DATA SHOWN:
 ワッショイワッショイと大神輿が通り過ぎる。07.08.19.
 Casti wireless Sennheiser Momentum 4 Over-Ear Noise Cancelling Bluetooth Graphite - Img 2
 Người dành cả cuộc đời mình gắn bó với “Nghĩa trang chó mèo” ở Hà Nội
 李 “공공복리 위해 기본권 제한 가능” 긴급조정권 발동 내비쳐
* * *
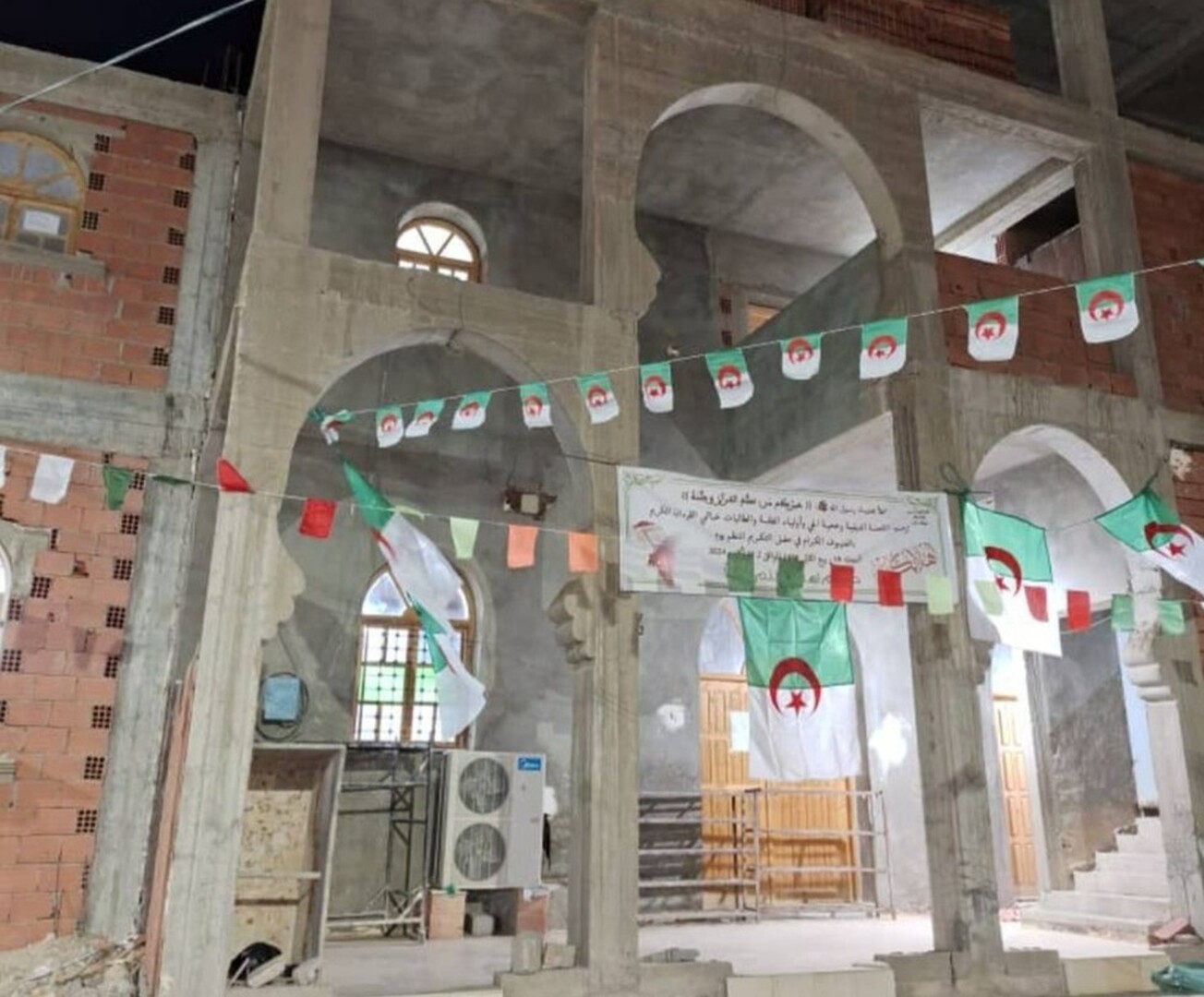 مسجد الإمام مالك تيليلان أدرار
* * *
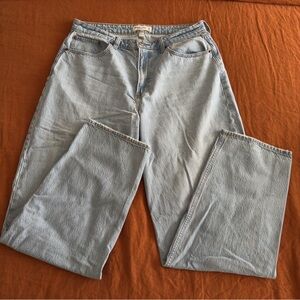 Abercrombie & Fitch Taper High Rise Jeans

BRIEF: Reproduce, character for character, only the lines of the preceding data that start at the line with "Người dành cả" and end at the line with "긴급조정권 발동 내비쳐", both included.

TASK OUTPUT:
 Người dành cả cuộc đời mình gắn bó với “Nghĩa trang chó mèo” ở Hà Nội
 李 “공공복리 위해 기본권 제한 가능” 긴급조정권 발동 내비쳐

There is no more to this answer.